Ökaryotların transkripsiyonu, üç nükleer RNA polimeraz tarafından gerçekleştirilir. RNA polimeraz 1, nükleollerde bulunur ve rRNA genlerinin transkripsiyonundan sorumludur. RNA polimeraz 2, nükleer özde bulunur ve mRNA öncüsünün sentezinden sorumludur. RNA polimeraz 3, nükleer özde küçük rRNA ve tRNA sentezleyen küçük bir fraksiyondur. RNA polimerazları, transkripsiyon-destekleyici nükleotid dizisini spesifik olarak tanır. Ökaryotik mRNA önce bir öncü (pro-mRNA) olarak sentezlenir, ekzonlardan ve intronlardan gelen bilgiler ona yazılır. Sentezlenen mRNA, çeviri için gerekenden daha büyüktür ve daha az kararlı olduğu ortaya çıkar.

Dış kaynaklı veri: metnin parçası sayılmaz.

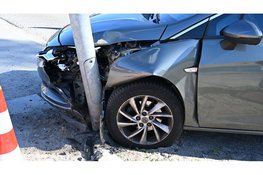 Auto ramt lantaarnpaal na mislukte bocht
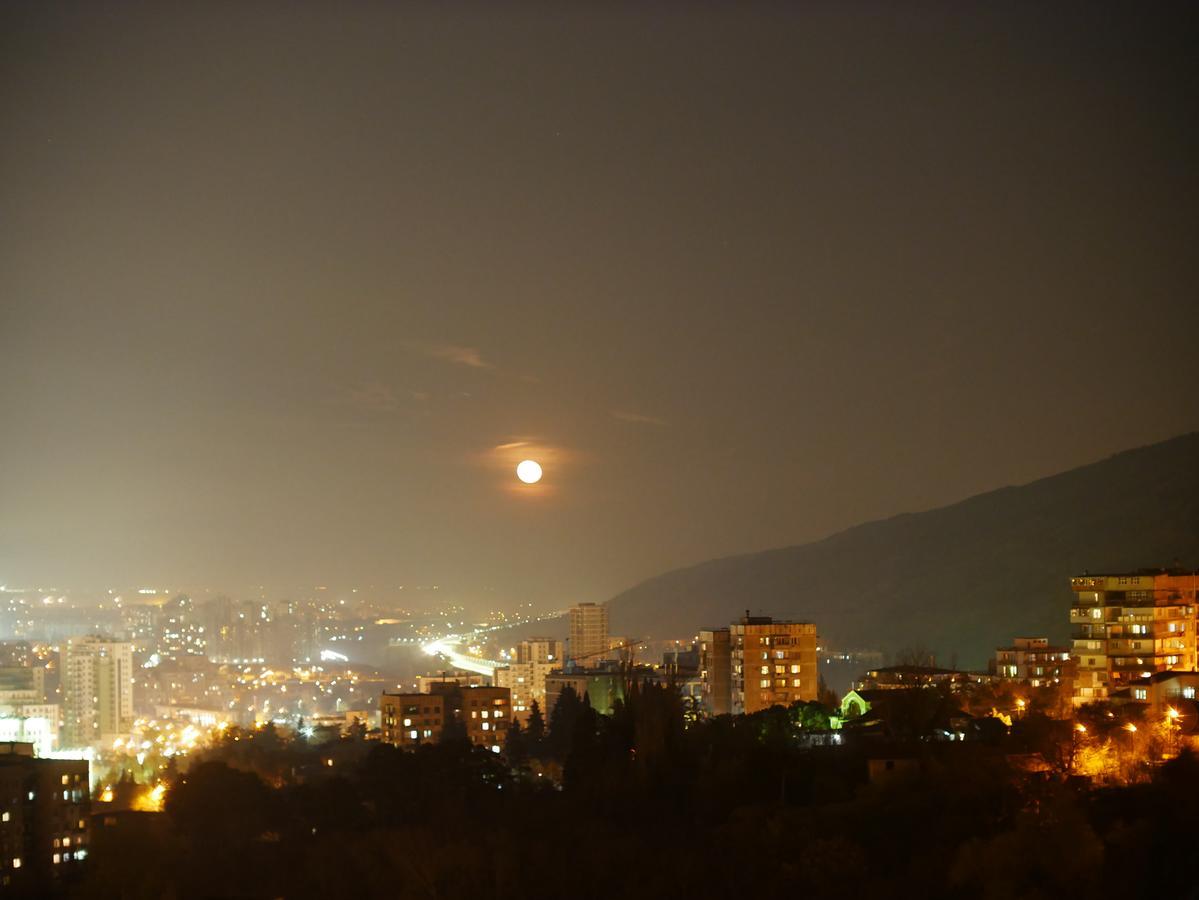 My Garden Otel Tiflis Dış mekan fotoğraf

MRNA molekülünün olgunlaşma sürecinde, intronlar kısıtlama enzimleri yardımıyla kesilir ve ekzonlar enzimler - ligazlar yardımıyla dikilir. mRNA'nın olgunlaşmasına işleme denir ve ekzonların dikilmesine ekleme denir. Bu nedenle, olgun mRNA yalnızca ekzonlar içerir ve öncülü pro-mRNA'dan çok daha kısadır. İntron boyutları 100 ila 10.000 nükleotid veya daha fazla arasında değişir. Tonlar, tüm olgunlaşmamış mRNA'nın yaklaşık %80'ini oluşturur. Şu anda, nükleotid dizilerinin farklı bölümlerindeki bir birincil transkriptten çıkarılabileceği ve birkaç olgun mRNA'nın oluşturulabileceği alternatif ekleme olasılığı kanıtlanmıştır. Bu tür ekleme, memelilerdeki immünoglobulin gen sisteminin özelliğidir ve bu, bir mRNA transkriptine dayalı olarak farklı tipte antikorların oluşturulmasını mümkün kılar. İşlemin tamamlanmasının ardından, çekirdekten sitoplazmaya girmeden önce olgun mRNA seçilir. Olgun mRNA'nın sadece %5'inin içeri girdiği ve geri kalanının çekirdekte parçalandığı bulundu. Ökaryotik genlerin birincil transkriptonlarının, ekson-intron organizasyonlarıyla ilişkili olarak ve olgun mRNA'nın çekirdekten sitoplazmaya geçişi ile bağlantılı olarak dönüşümü, ökaryotların genetik bilgisinin uygulanmasının özelliklerini belirler. Sonuç olarak, ökaryotların mozaik geni bir cistron geni değildir, çünkü DNA dizisinin tamamı protein sentezi için kullanılmaz.